4.4 findFirst / findAny：查找

// 查找第一个
Optional<Integer> first = list.stream()
    .filter(x -> x > 3)
    .findFirst();

// findAny 在并行流中返回任意一个，更快
Optional<Integer> any = list.parallelStream()
    .filter(x -> x > 3)
    .findAny();

4.5 anyMatch / allMatch / noneMatch：匹配

List<Integer> list = Arrays.asList(1, 2, 3, 4, 5);

// 是否有任意一个大于 3
boolean any = list.stream().anyMatch(x -> x > 3);  // true

// 是否全部大于 0
boolean all = list.stream().allMatch(x -> x > 0); // true

// 是否全部不等于 10
boolean none = list.stream().noneMatch(x -> x == 10); // true

4.6 count / min / max

long count = list.stream().count();

Optional<Integer> min = list.stream().min(Integer::compareTo);
Optional<Integer> max = list.stream().max(Integer::compareTo);

五、短路操作

5.1 什么是短路操作

中间操作的短路：limit、skip、distinct 在某些情况下可以提前终止。

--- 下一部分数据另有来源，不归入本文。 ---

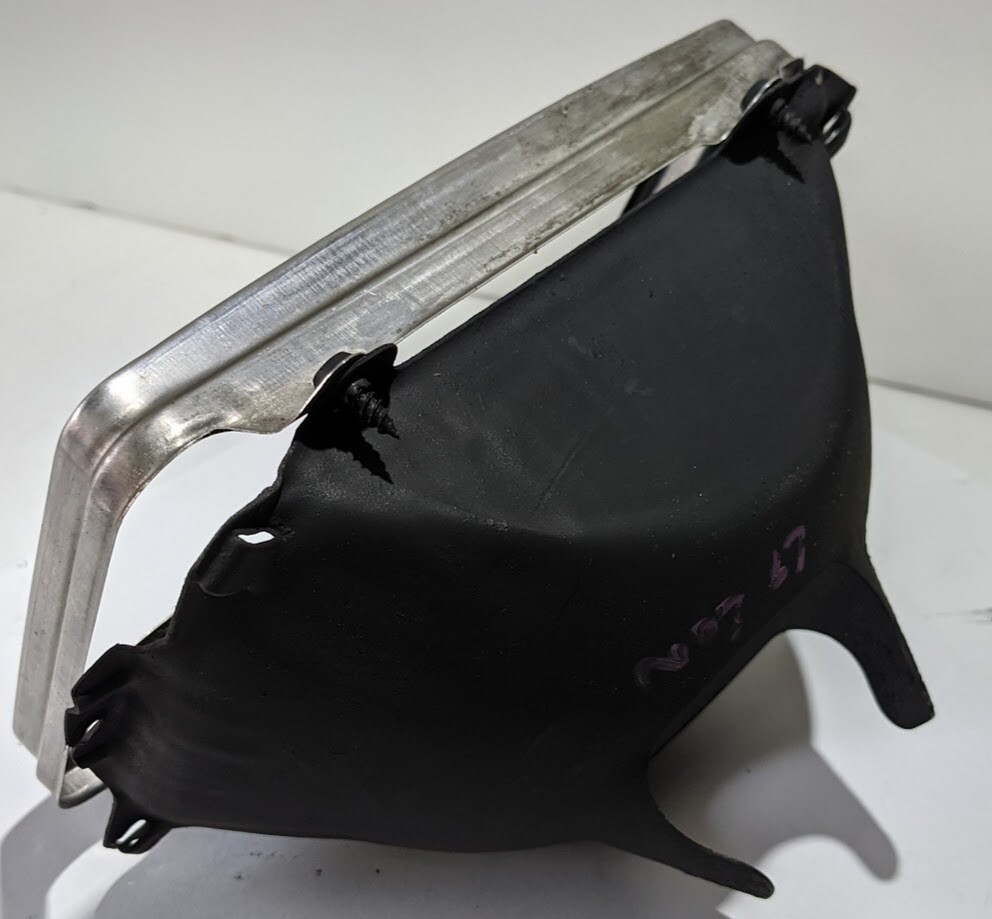 ROLLS-ROYCE SILVER SPUR FRONT LEFT OUTER SIDE HEAD LIGHT
 PRE-OWNED LOW BEAM BUCKET UD25963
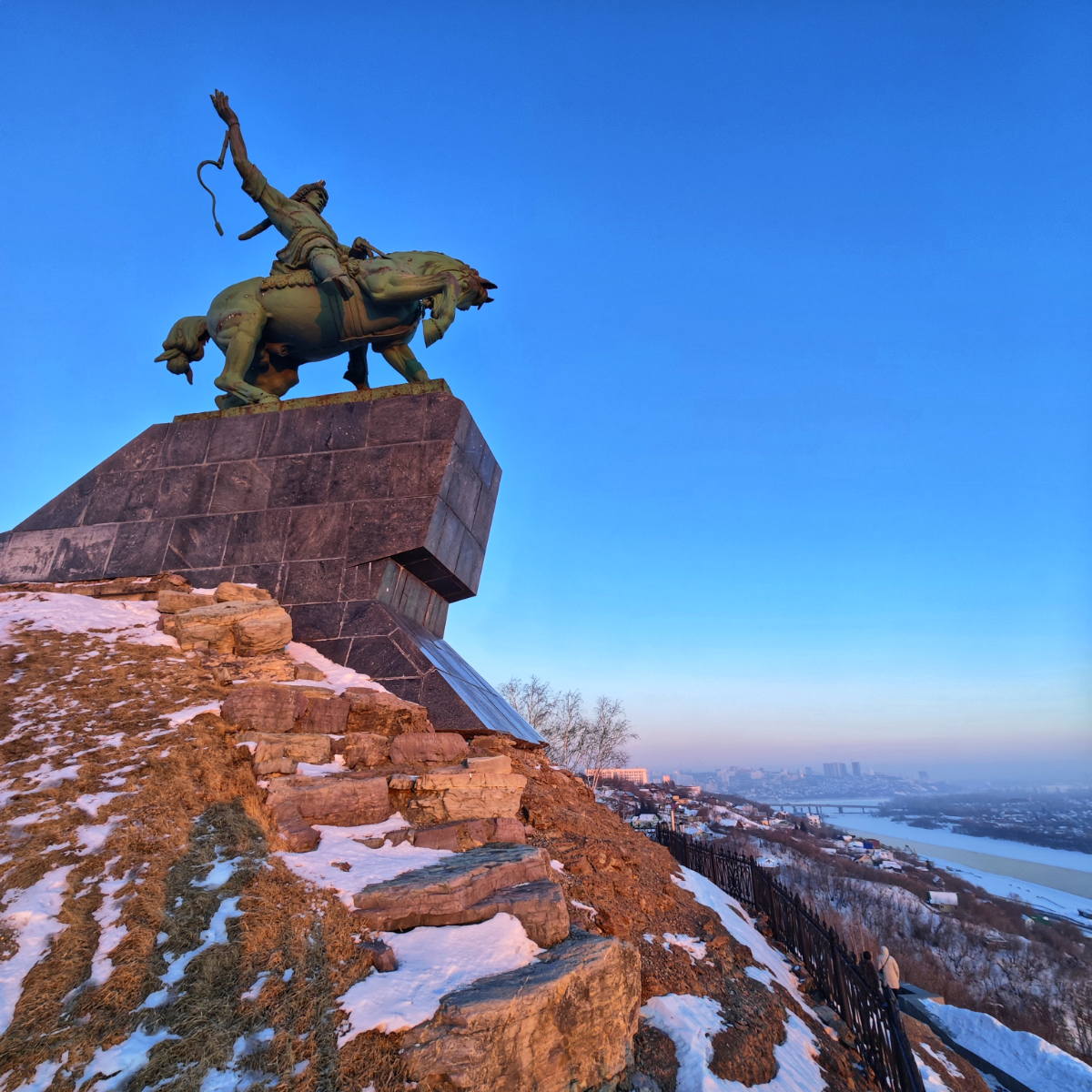 Вернулся из Уфы – столицы Башкортостана, и вот что могу сказать: в этом городе удивительно сочетаются старинная провинциальная изящность и щедрая башкирская культура | Сетка — социальная сеть от hh.ru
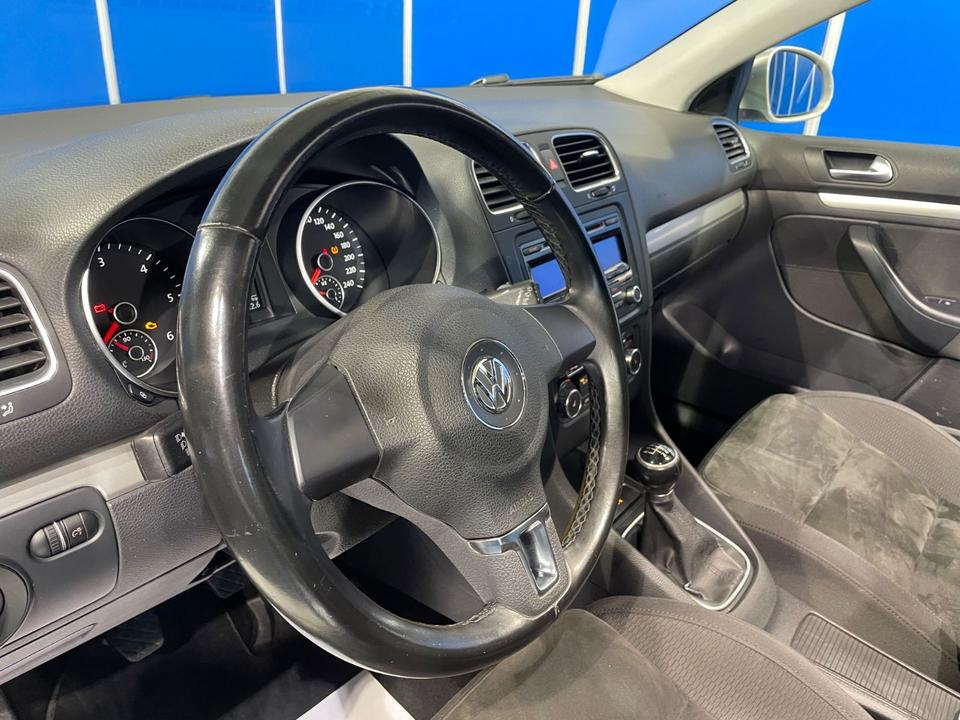 Volkswagen Golf VI Variant Highline 1.Hand *Bi-Xen*AHK*Pano in Nersingen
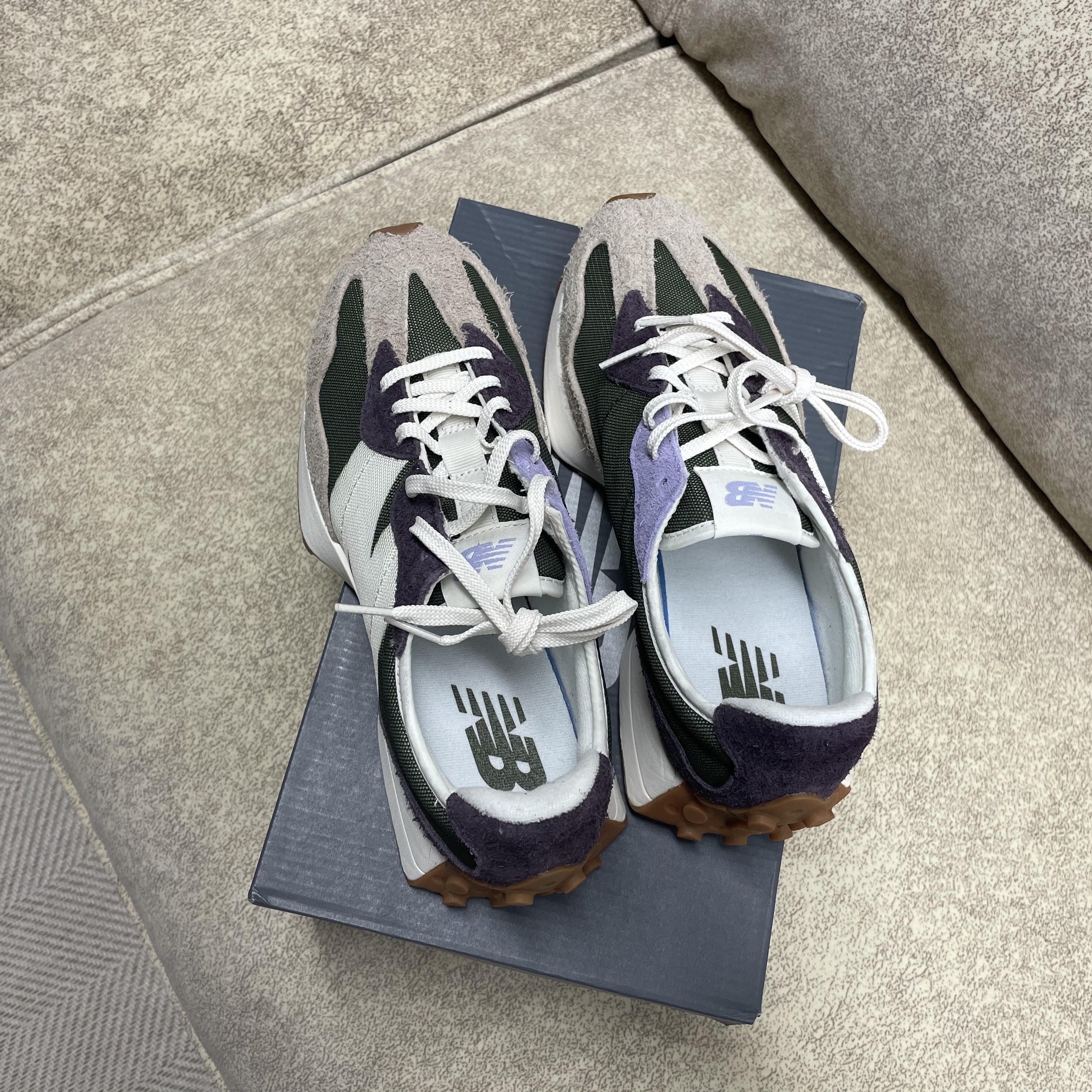 (W) New Balance 327 Oak Leaf Green 착용 스타일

终端操作的短路：findFirst、findAny、anyMatch 等不需要遍历全部元素。

// limit 是短路操作
IntStream.range(1, Integer.MAX_VALUE)
    .filter(x -> x % 2 == 0)
    .limit(5)  // 找到 5 个偶数后就停止了
    .forEach(System.out::println);

// 输出：2, 4, 6, 8, 10
// 不会遍历到 Integer.MAX_VALUE

5.2 组合短路

// 找出第一个平方大于 50 的数
OptionalInt result = IntStream.range(1, 100)
    .filter(x -> x * x > 50)
    .findFirst();
// 输出：8（8*8=64>50）
// 只遍历到 8，不会继续

六、顺序流 vs 并行流

6.1 parallelStream

// 顺序流
list.stream().filter(x -> x > 0).collect(toList());

// 并行流
list.parallelStream().filter(x -> x > 0).collect(toList());

// 也可以从顺序流转并行流
list.stream().parallel().filter(x -> x > 0).collect(toList());

6.2 并行流的底层原理

并行流底层使用 ForkJoinPool.commonPool()：

// ForkJoinPool 默认并行度 = CPU 核心数 - 1
// 4 核 CPU：并行度 = 3
// 可以通过系统属性修改
// -Djava.util.concurrent.ForkJoinPool.common.parallelism=4

6.3 并行流不是万能的

// ❌ 错误：并行流不一定更快
// 小数据量：并行开销 > 串行优势
List<Integer> small = Arrays.asList(1, 2, 3);
small.parallelStream().filter(x -> x > 0).collect(toList()); // 串行更快

// CPU 密集型：并行效果好
// IO 密集型：并行效果可能不好（线程等待 IO）

6.4 并行流的注意事项

// ❌ 并行流中使用有副作用的操作
Set<String> set = ConcurrentHashMap.newKeySet();
list.parallelStream().forEach(set::add);  // 不确定的行为

// ✅ 使用正确的方式
Set<String> correct = list.parallelStream()
    .collect(Collectors.toSet());

// ❌ 顺序敏感的操作在并行流中可能出问题
List<Integer> orderSensitive = list.parallelStream()
    .collect(Collectors.toList());  // 不保证顺序！

七、【直观类比】管道执行顺序

【直观类比】

Stream 管道就像一条自助洗衣流水线：

           中间操作（洗涤步骤）
                │
  ┌─────────────┼─────────────┐
  │             │             │
  ▼             ▼             ▼
[预洗] ───→ [主洗] ───→ [漂洗] ───→ [脱水] ───→ [烘干]
 filter      map         distinct     sorted      collect

关键是：所有步骤同时准备就绪，但只有在最后一步（终端操作）触发时，整个流水线才开始运转。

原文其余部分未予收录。